We see that the real issue at stake was the question of loyalty which was measured according to the standards of tribal alliances of ancient Arabia. Apostasy from religion, as such, did not matter to anyone.
These accounts give us a good picture of the tribal culture of ancient Arabia. At its heart lay the question of allegiance, loyalty, tribal solidarity, and the (male-centred) norms of honour and dignity. Tribal warfare was an expression of power politics that aimed at the regulation of the balance of power in the Arabian Peninsula and at the political and military control over the area. The so-called apostasy wars were not fought because someone ‘left religion’ or apostatized from the faith, otherwise everyone who abandoned Islam in those years would have been killed, which was clearly not the case.
Reading al-tabari’s history, one comes across names of people who, because of their alliance to tribes that fought the troops of Abu Bakr’s central government, should also have been killed—at least according to the alleged words of the Prophet, i.e. ‘he who changes his religion, kill him’ and ‘he who changes his religion, cut off his head”—but the fact that they were left alone not only increases our doubts as to the authenticity of these hadiths but also as to the fuqaha”s’ claims to have correctly read these events.
Is it possible that Abu Bakr and the other caliphs would have been allowed to kill apostates in the way it is reported—assuming for a moment that the accounts are accurate—purely because these people abandoned a specific belief? Or put differently, how likely is it that their harsh (persecution and decapitation) and often inconsistent (marriage to relatives, release from prison) treatment of apostates could have been possible?
Indeed, we would not be so critical of our early history if that spurious concept of (punishment for) apostasy, which provided the perfect legal pretext for the elimination of political opponents during the Umayyad and Abbasid periods, did not today play such a dominant role in the tactics of Islamist groups and their terror against the political establishment. Ironically, by allowing the killing of political rulers on the basis of (alleged) apostasy, Aiman al-dhawihiri and other ideologues are using precisely the same weapon of terror as the ancient political regimes did in order to intimidate their opponents.
Because of the confusion between religion (disbelief ) and politics (secession) from the time of the early ‘wars of apostasy’, apostasy has attained a political dimension and has thus been fixed in the Arab-Muslim mind ever since.
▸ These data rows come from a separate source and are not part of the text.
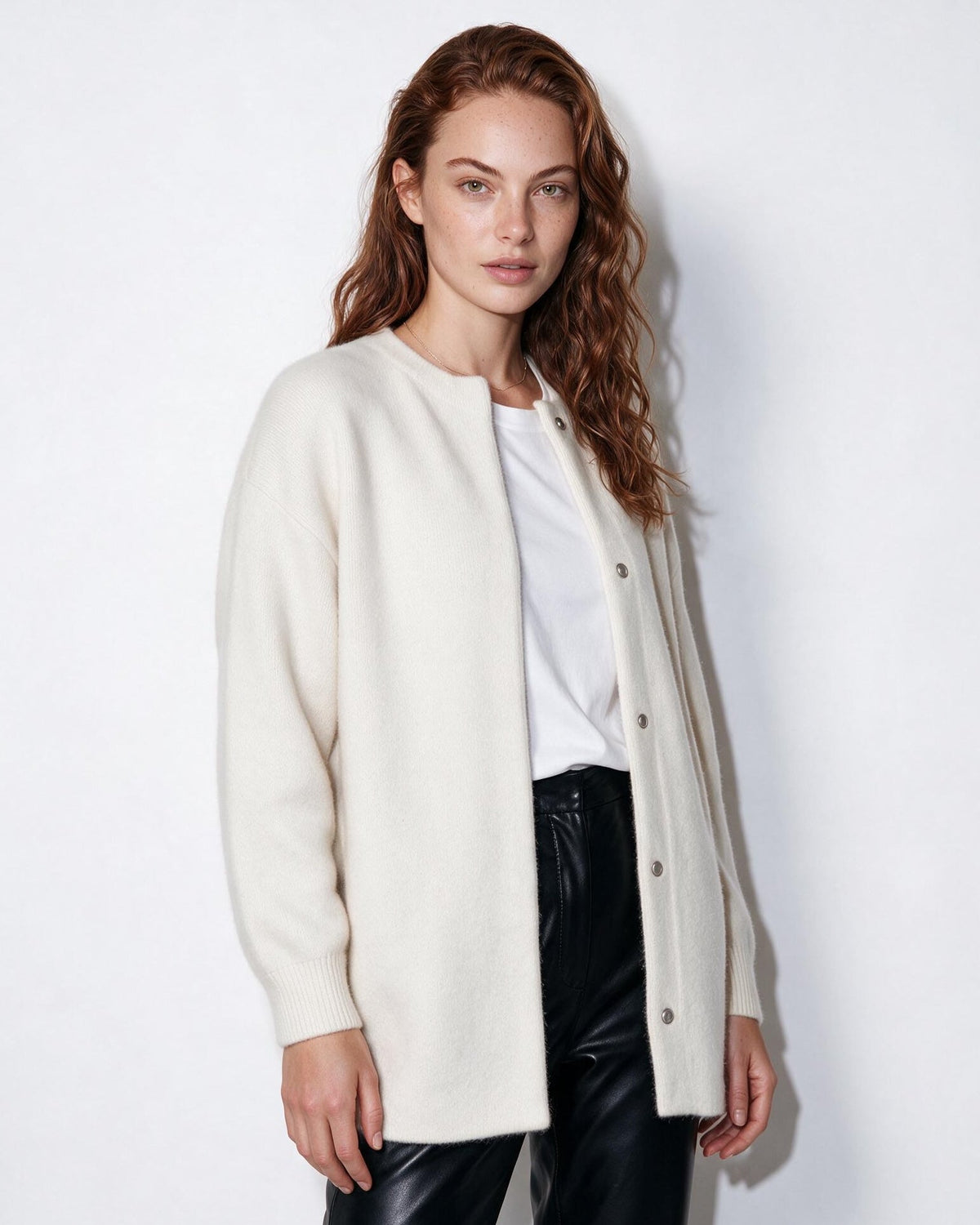 Loovay Sovelle Lang Damesvest, Oversized Pasvorm
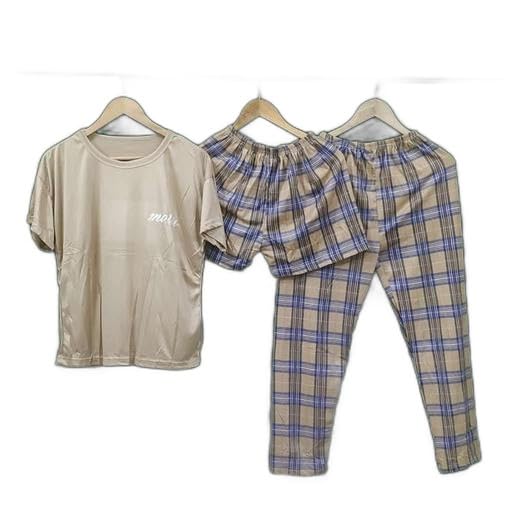 Ladies summer night suit | 3 piece pajama set | cartoon print women night dress | cotton type fabric | imported cute high quality nightwear for girls | comfortable hosiery type soft feeling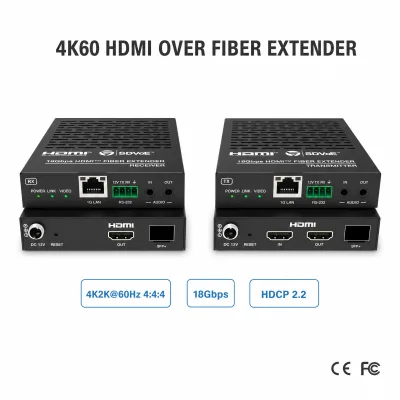 4K60 4:4:4 SDVoE Uncompressed Fiber Optic Extender Zero Latency 4K HDMI to 10G Fiber Extender for Long Distance Pro AV System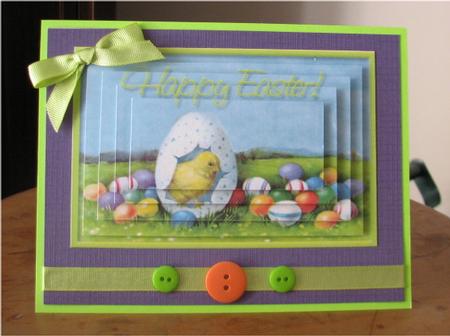 Chick and Easter Eggs Pyramage by Debbie Knechtel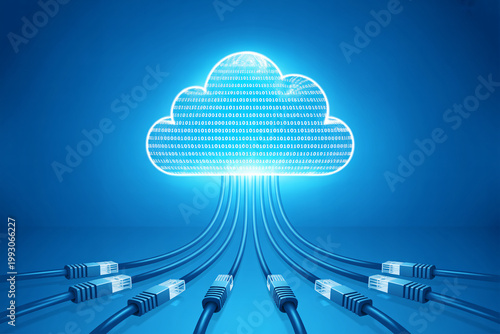 A glowing cloud icon with cables connected to it represents cloud computing and data storage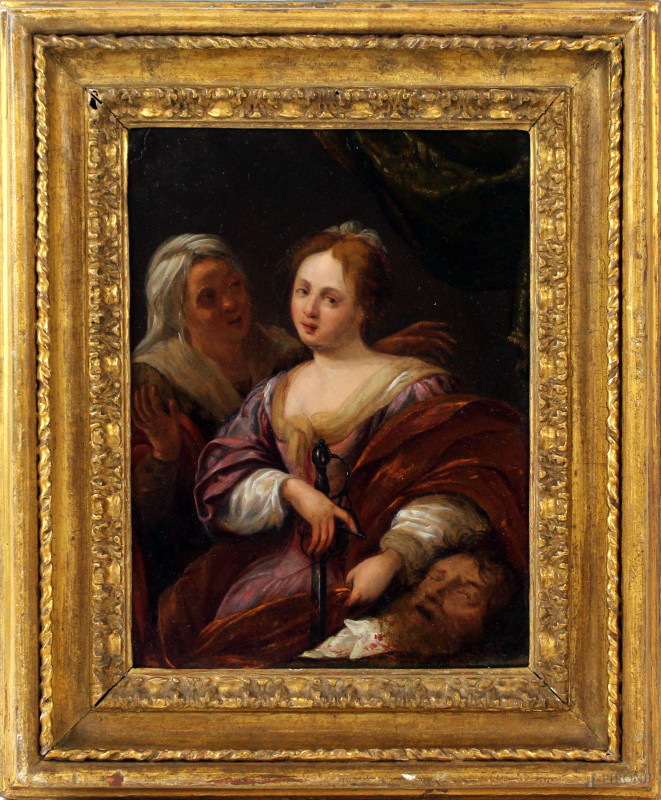 Pittore del XVII secolo, Giuditta e Oloferne, olio su rame, cm 22x17, entro cornice.  - Asta Asta a Tempo di Antiquariato e Arte Moderna - Aste Pirone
And since the fuqaha” were so involved in power politics during that period, apostasy, with these political overtones, has come to be formulated in Islamic law with exactly that fusion of religion with politics, rendering what happened during the appointment of Abu Bakr as Muhammad’s successor (eliminating the influence of the al-Ansar) as perfectly legal.
Once these apostasy wars, and in particular Abu Bakr’s military expedition in the years 10–11 A.H., were defined as ‘fulfilling God’s words’, they became the legal norm of how to deal with (any) apostate (individual or group), so that the possibility of being persecuted as an apostate hung over the political opposition like a sword of Damocles and is today, because the Islamists have turned this threat against the rulers themselves, a common feature of our current political life.